Tülay Hatimoğulları Oruç: Barışın tesisi için görev ve sorumluluklara hazırız
DEM Parti heyetinin görüşmelerine de değinen DEM Parti Eş Genel Başkanı Tülay Hatimoğulları Oruç, "Bu dönem sürece doğru yaklaşarak tarih yazma dönemidir. Görkemli bir çıkış bizlerin elindedir." dedi.
DEM Parti Eş Genel Başkanı Tülay Hatimoğulları Oruç, "Barışın tesis edilmesi için üzerimize düşen bütün görev ve sorumlulukları bu sürecin bir öznesi olarak yürütmeye hazırız." dedi.
Oruç, partisinin TBMM Grup Toplantısı'nda yaptığı konuşmada, 2025 yılının adalet, eşitlik ve barış yılı olmasını istediklerini, bunun için çalışacaklarını belirtti.
Yeni yılın ilk haftasında iğneden ipliğe her şeye zam yapıldığını belirten Oruç, otoyol, köprü, emlak ve motorlu taşıtlar vergisi ile ehliyet ve kimlik ücreti gibi ücretlere yüzde 44 oranında artış yapıldığını söyledi.

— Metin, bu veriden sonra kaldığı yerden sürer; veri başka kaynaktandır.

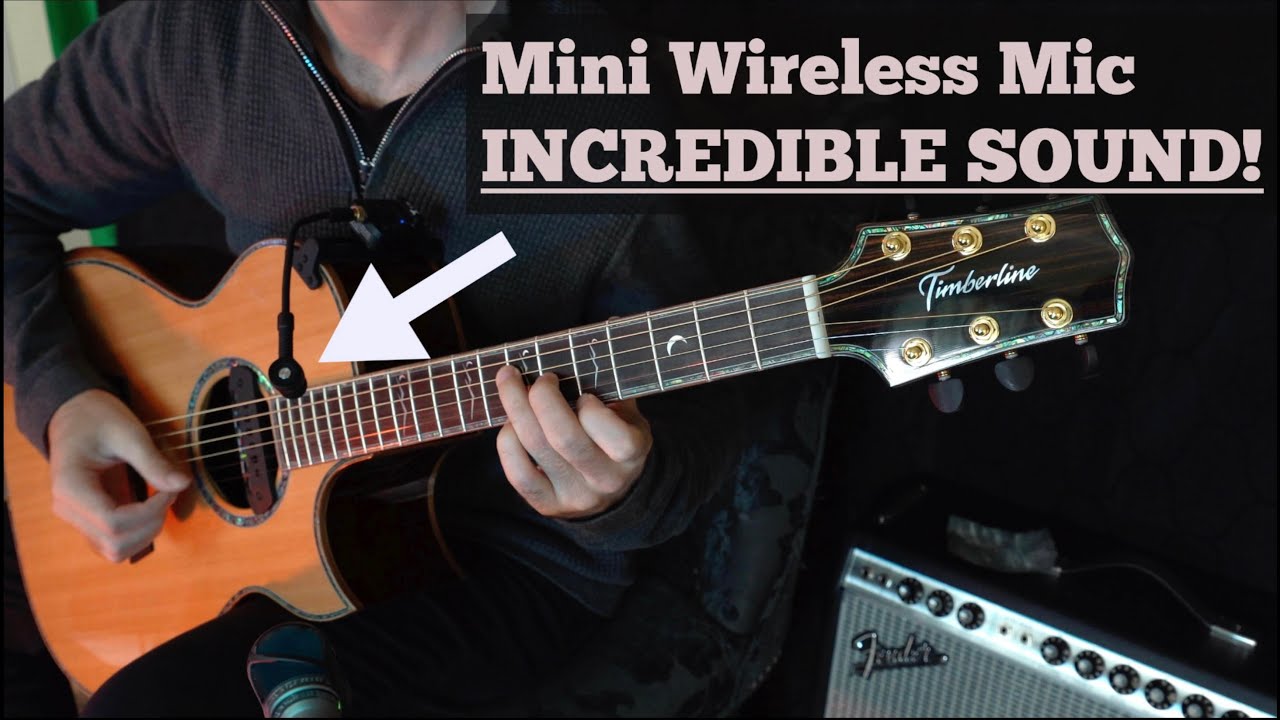 This NEW Acoustic Guitar Mic is a Game Changer! (Xvive U8 Wireless Microphone)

"ASGARİ ÜCRET, SEFALET ÜCRETİDİR"
Yeni yılla birlikte harçlarda, cezalarda ve vergi ödemelerinde yaklaşık yüzde 50, ev kiralarında ise yaklaşık yüzde 60 oranında artış olduğunu aktaran Oruç, "Ev kiralarına baktığımızda zaten bu fırtınanın ne kadar büyük olduğunu hep birlikte görebiliyoruz. 2025 yılının Ocak ayında ev kiralarının artış oranı yüzde 58,1 olarak belirlendi. Yani 20 bin lira kira ödeyenler bu sene yaklaşık 32 bin lira kira ödeyecekler." diye konuştu.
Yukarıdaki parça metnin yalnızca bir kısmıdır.